─── Record set

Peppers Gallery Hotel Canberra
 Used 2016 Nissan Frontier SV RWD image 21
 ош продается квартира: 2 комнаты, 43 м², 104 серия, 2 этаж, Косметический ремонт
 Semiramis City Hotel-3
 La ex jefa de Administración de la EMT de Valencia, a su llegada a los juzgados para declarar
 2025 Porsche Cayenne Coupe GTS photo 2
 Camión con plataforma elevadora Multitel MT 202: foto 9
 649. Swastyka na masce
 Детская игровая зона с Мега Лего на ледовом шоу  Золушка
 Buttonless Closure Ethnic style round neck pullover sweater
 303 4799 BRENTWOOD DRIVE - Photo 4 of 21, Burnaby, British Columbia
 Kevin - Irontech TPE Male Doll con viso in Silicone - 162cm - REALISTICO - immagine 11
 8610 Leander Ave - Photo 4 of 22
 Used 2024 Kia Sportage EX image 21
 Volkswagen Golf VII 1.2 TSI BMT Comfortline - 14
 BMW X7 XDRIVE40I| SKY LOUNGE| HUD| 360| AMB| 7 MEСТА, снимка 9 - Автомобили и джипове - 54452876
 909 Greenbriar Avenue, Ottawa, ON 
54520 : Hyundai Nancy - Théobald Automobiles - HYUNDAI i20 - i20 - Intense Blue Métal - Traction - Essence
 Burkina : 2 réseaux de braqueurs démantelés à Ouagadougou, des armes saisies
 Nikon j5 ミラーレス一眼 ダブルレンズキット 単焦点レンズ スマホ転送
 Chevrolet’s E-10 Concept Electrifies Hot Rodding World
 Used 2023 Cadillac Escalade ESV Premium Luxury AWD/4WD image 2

──────

Copy each line above that contains the string "Hotel".

> [Exercise result]
Peppers Gallery Hotel Canberra
 Semiramis City Hotel-3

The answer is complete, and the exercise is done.